◆ **What the task asks**:
Among the entries below, please repeat exactly and only the lines from the line containing "france, region Normandie, Manche, cotentin, Agon" to the line containing "Kırmızı Simli Minimalist", both lines included.

◆ **Data for the task**:
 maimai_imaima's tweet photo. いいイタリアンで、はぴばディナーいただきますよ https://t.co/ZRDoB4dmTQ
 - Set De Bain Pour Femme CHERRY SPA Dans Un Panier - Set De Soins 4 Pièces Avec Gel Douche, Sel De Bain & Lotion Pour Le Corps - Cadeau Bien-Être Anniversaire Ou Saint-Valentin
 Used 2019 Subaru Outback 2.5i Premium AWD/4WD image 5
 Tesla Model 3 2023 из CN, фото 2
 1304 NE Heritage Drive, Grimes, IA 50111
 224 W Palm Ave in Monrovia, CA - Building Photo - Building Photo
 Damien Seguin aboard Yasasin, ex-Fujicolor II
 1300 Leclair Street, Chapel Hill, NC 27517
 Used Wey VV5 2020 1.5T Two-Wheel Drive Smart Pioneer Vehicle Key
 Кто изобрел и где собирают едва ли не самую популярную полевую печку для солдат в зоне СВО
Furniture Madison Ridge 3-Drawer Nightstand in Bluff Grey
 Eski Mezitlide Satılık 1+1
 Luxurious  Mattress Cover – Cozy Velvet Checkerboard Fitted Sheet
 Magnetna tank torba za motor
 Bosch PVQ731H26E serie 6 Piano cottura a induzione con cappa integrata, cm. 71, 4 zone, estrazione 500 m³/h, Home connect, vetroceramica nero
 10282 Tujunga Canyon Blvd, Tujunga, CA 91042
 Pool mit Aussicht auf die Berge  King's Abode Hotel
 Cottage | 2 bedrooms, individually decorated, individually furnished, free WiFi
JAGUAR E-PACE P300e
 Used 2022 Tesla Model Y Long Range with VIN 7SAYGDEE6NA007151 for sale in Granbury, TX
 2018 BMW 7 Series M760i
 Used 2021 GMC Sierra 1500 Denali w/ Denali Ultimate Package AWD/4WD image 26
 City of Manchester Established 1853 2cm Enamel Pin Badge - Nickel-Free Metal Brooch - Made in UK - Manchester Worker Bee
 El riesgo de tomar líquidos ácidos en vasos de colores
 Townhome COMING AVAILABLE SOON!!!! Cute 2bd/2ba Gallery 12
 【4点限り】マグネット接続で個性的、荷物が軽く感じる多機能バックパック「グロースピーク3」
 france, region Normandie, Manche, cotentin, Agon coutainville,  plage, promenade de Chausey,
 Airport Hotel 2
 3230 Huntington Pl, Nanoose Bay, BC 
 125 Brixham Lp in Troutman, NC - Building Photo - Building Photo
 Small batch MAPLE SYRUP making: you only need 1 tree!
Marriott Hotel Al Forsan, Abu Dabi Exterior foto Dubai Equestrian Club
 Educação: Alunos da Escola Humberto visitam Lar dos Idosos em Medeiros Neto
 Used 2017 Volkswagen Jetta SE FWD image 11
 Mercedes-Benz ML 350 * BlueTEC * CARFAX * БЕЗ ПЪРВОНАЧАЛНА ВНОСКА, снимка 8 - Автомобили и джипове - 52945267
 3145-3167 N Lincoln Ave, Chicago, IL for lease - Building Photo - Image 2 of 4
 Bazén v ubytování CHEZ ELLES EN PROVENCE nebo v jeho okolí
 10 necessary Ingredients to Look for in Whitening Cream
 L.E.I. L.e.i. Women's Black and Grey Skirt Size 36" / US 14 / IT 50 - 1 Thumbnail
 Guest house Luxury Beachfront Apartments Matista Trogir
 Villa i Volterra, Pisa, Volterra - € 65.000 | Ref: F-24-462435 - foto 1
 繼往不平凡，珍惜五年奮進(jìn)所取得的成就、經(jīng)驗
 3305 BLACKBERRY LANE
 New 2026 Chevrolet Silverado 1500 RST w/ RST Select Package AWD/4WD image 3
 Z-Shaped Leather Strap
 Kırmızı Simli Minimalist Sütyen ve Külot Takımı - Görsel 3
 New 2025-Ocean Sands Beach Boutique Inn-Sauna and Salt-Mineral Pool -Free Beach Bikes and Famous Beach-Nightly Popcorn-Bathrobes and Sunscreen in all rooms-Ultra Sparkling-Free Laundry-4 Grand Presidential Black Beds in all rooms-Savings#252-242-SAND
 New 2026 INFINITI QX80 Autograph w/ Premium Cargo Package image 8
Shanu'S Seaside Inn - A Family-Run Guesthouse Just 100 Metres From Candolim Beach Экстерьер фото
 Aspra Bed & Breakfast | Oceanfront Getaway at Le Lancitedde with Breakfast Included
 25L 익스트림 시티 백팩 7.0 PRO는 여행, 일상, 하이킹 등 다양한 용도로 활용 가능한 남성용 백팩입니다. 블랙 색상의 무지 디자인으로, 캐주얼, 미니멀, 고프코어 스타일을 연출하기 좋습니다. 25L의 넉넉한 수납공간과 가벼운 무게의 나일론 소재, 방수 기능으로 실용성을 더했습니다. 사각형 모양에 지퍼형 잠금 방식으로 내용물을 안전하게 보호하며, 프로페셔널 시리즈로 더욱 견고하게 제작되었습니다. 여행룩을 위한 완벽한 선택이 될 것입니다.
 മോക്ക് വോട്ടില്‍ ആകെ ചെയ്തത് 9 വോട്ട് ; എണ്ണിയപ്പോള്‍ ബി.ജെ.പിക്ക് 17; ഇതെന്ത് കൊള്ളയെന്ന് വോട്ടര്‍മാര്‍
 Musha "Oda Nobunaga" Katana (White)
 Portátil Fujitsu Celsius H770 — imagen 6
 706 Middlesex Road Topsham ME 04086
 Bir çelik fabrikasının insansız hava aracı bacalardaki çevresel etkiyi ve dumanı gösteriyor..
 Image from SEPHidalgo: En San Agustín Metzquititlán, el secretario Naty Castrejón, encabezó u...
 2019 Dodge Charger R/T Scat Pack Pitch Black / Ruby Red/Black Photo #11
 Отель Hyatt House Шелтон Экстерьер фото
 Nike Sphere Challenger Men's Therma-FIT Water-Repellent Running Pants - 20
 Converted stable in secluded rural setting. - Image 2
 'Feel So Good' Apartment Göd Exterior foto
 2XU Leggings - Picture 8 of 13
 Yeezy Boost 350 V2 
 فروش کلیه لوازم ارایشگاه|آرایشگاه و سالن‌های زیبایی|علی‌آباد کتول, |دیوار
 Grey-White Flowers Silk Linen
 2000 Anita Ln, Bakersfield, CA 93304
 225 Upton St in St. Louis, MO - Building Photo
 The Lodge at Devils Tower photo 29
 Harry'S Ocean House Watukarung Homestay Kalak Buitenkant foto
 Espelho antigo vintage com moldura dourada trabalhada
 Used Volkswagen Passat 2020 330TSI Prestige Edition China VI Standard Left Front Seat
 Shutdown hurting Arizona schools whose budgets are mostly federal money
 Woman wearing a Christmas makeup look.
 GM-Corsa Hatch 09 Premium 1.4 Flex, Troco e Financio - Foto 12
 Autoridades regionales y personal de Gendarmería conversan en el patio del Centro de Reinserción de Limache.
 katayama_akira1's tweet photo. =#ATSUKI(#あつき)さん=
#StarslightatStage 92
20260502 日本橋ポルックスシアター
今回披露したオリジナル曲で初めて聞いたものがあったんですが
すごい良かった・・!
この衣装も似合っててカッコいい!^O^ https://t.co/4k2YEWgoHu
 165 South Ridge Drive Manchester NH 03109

◆ **Answer to this exercise**:
 france, region Normandie, Manche, cotentin, Agon coutainville,  plage, promenade de Chausey,
 Airport Hotel 2
 3230 Huntington Pl, Nanoose Bay, BC 
 125 Brixham Lp in Troutman, NC - Building Photo - Building Photo
 Small batch MAPLE SYRUP making: you only need 1 tree!
Marriott Hotel Al Forsan, Abu Dabi Exterior foto Dubai Equestrian Club
 Educação: Alunos da Escola Humberto visitam Lar dos Idosos em Medeiros Neto
 Used 2017 Volkswagen Jetta SE FWD image 11
 Mercedes-Benz ML 350 * BlueTEC * CARFAX * БЕЗ ПЪРВОНАЧАЛНА ВНОСКА, снимка 8 - Автомобили и джипове - 52945267
 3145-3167 N Lincoln Ave, Chicago, IL for lease - Building Photo - Image 2 of 4
 Bazén v ubytování CHEZ ELLES EN PROVENCE nebo v jeho okolí
 10 necessary Ingredients to Look for in Whitening Cream
 L.E.I. L.e.i. Women's Black and Grey Skirt Size 36" / US 14 / IT 50 - 1 Thumbnail
 Guest house Luxury Beachfront Apartments Matista Trogir
 Villa i Volterra, Pisa, Volterra - € 65.000 | Ref: F-24-462435 - foto 1
 繼往不平凡，珍惜五年奮進(jìn)所取得的成就、經(jīng)驗
 3305 BLACKBERRY LANE
 New 2026 Chevrolet Silverado 1500 RST w/ RST Select Package AWD/4WD image 3
 Z-Shaped Leather Strap
 Kırmızı Simli Minimalist Sütyen ve Külot Takımı - Görsel 3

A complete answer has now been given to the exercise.